Vê... Vê como é bom ser-se estúpido, como é fácil. Está escrito por toda a cidade, está escrito na tua testa, é-te ensinado pelos teus pais, pelos teus padres, pelos teus professores.
"És um menino bonito, toma lá um peixinho para te alimentar e agora faz mais um salto acrobático... só mais um".

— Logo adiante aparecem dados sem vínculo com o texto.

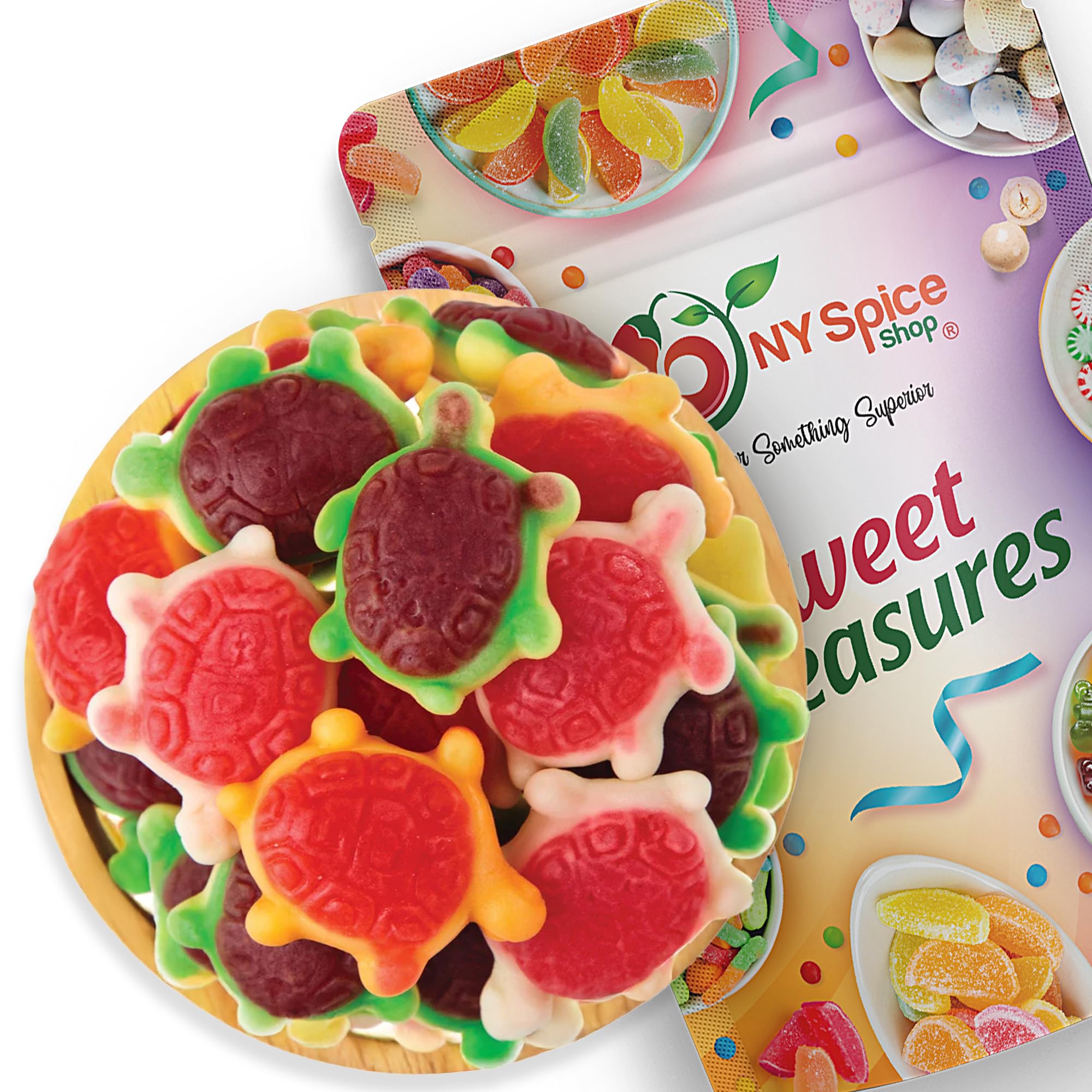 NY Spice Shop Turtle Gummy Candy - 1 Pound Turtle Gummies Candies - Gummy Snacks Turtle Jelly Candy Bulk Ideal for Party Decoration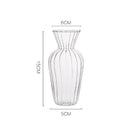 Ribbed transparent nordic vase living room glass decor by Decorbites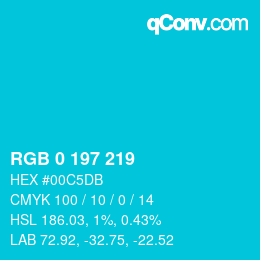 カラーコード: RGB 0 197 219 | qconv.com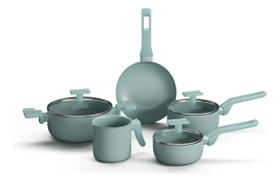 Conjunto De Panelas Sartin Aquamint 5 Peças Cerâmica Mimo Style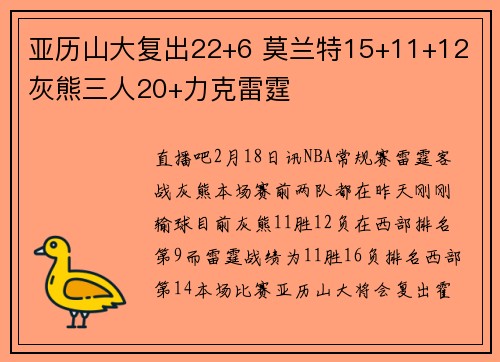 亚历山大复出22+6 莫兰特15+11+12 灰熊三人20+力克雷霆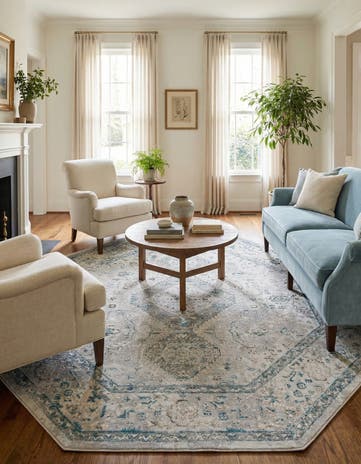Ivory and Gray Finsbury Octagon Rug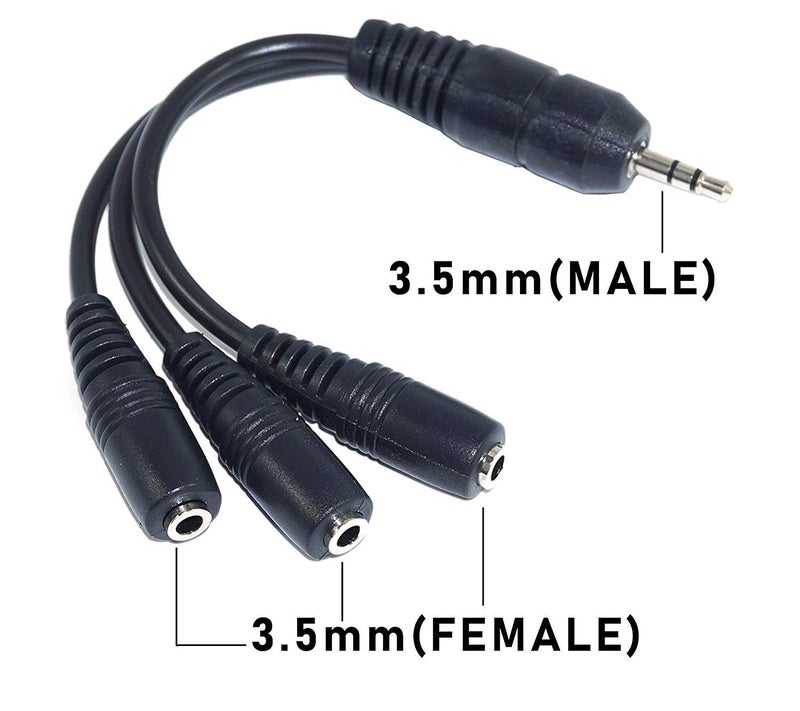 KEBILSHOP Headphone Splitter Cable 1 x 3.5mm Male to 3 x 3.5mm Female Aux Extension Cord EP Stereo AUX Audio Splitter For Headphone, Earphone, Speaker, MP3 Player,Laptop. - Image 2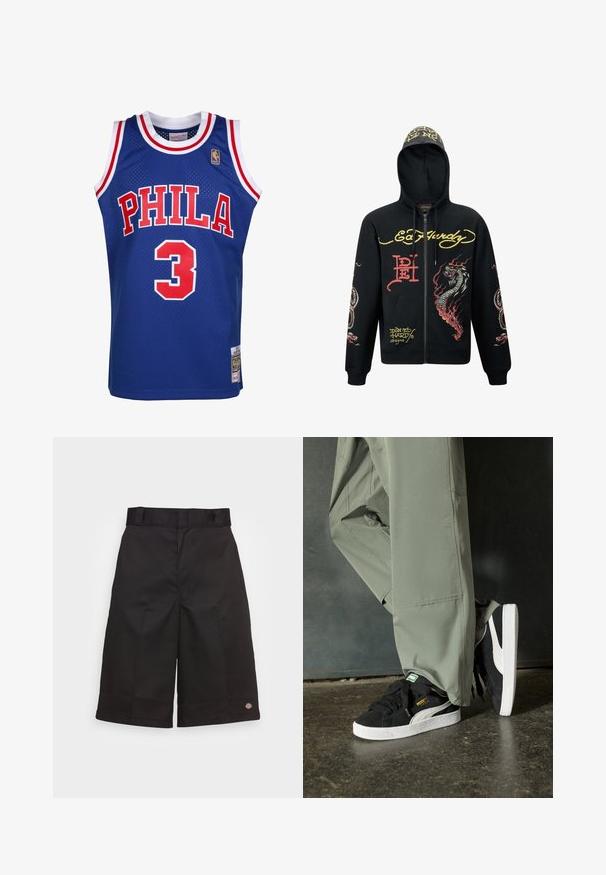 Schwarze Zip-Hoodie mit Kapuze, mit bunten Drachen- und Schlangengrafiken, strukturiertem Stoff, gerippten Bündchen und Logoakzenten.; Mitchell & Ness NBA PHILADELPHIA 76ERS - ALLEN IVERSON  - NBA-Trikot - royal; Schwarze Baumwollshorts mit geradem Schnitt, knielang, mit sichtbar eingesticktem Markenzeichen am Saum und einer glatten Textur.; Schwarze Wildleder-Sneaker mit weißen Gummisohlen und seitlichen Streifen, kombiniert mit hellgrünen Cargo-Hosen, stehen auf einer strukturierten dunklen Oberfläche.
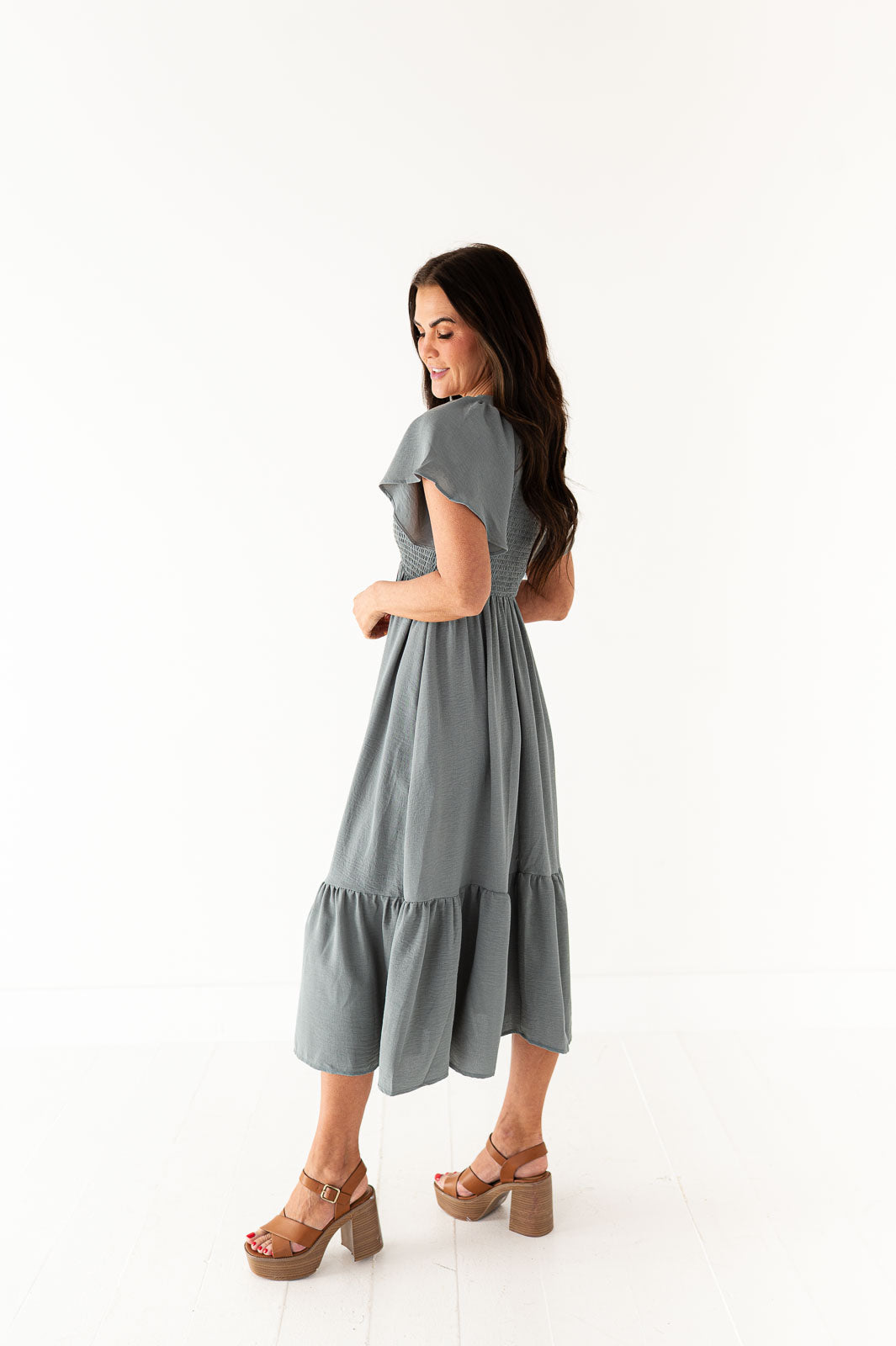 Mollie Midi Dress in Powder Blue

Vamos ter medo até à morte.
Vamos ser xulados na morte. Vamos pagar para morrer. Vamos pagar para ser mortos nos hospitais. Vamos queimar livros, vamos endeusar a televisão, vamos fazer hinos à tesão, vamos ser nós, não vamos ser ninguém.

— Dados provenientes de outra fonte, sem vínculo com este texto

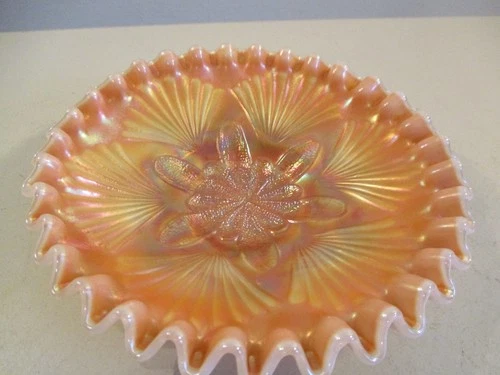 Dugan Peach Carnival Glass Opalescent Petal and Fan dish No Reserve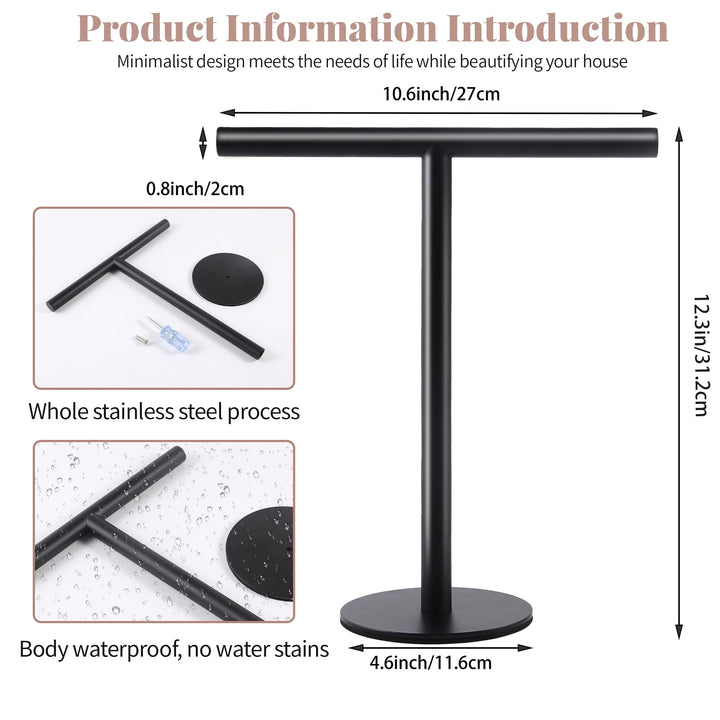 Bathroom Hand Towel Holder Stand,T-Shape Hand Towel Holder Stand SUS304 Stainless Steel Matte Black for Bathroom,Kitchen or Vanity Countertop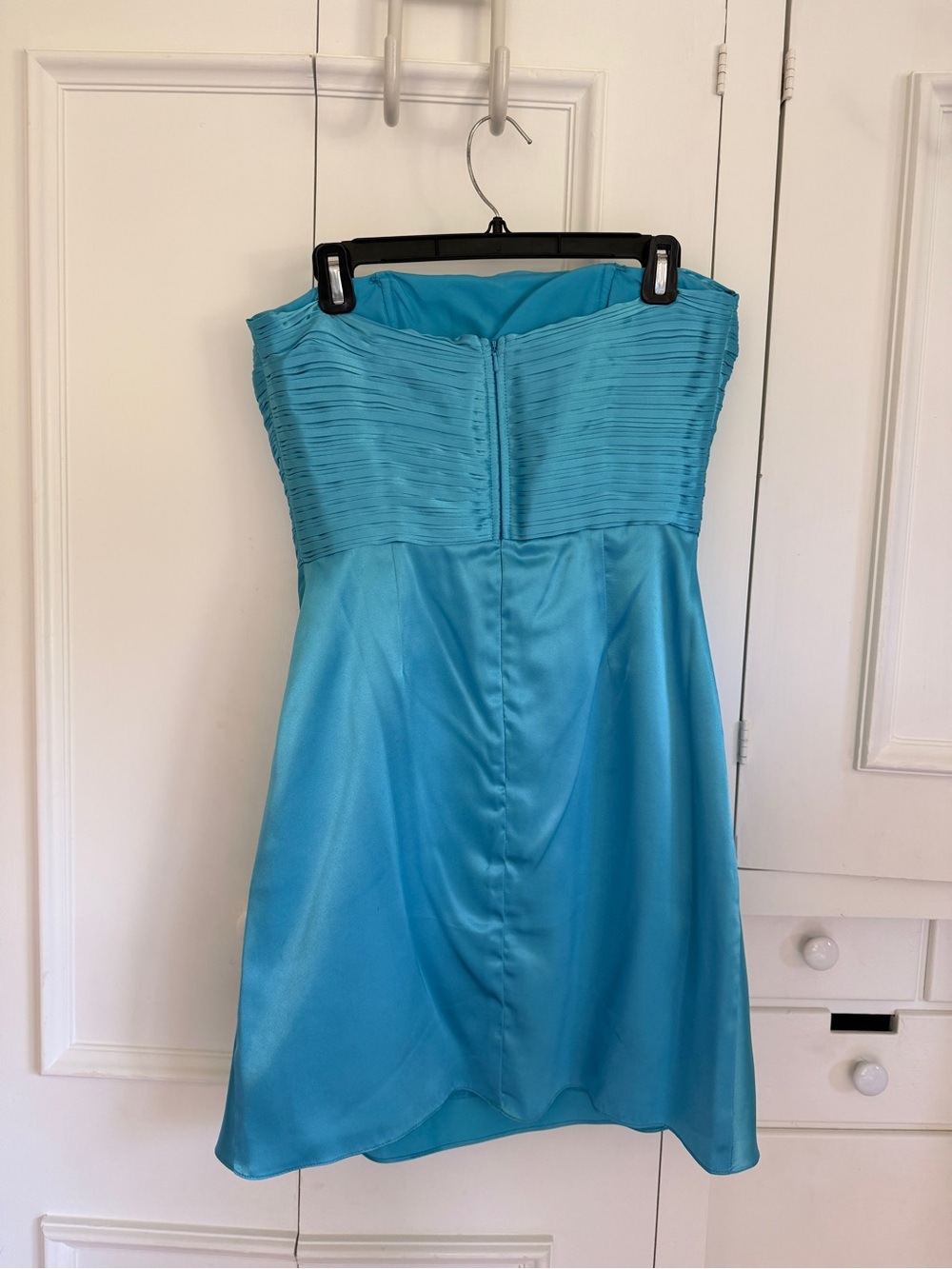 Bari Jay Strapless Bright Turquoise Satin Dress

"Meus filhos, meus queridos, meus cordeirinhos, hoje vou retirar-me do vosso púlpito mas deixo aqui fulano para vos guiar... vocês são frágeis e precisam..."

"SIM, SIM, DEIXA-LO CONNOSCO, NÓS NÃO SABEMOS ANDAR, NÓS SÓ SABEMOS DANÇAR. NÓS PRECISAMOS DE ALGUÉM PARA NOS SUGAR É ESSE O NOSSO MAIOR PRAZER."

Vamos dançar...
Todos temos medo de pensar.
Todos temos medo de ousar dizer "eu sou...".
Todos temos medo de ter medo.
Todos somos aliviados dessa dor. Todos aprendemos a viver, sentados numa sala branca a ver televisão e a babar as camisas de forças.
Todos...
Temos...
Medo.

3 comentários:

Ricardo Ramalho disse...

Wow... :)

Não sei o que dizer, mas deixo uma pergunta no ar:
"Seremos motivados p'lo medo?"

Joaquin Gomez aka "Vendetta" disse...

Pelo medo, pela indiferença, pela ignorância…

Muito se fala e pouco se faz, infelizmente :(

Anónimo disse...

Grande texto!!!

É esta a nossa vida...é assim que, infelizmente, somos e....Temos medo!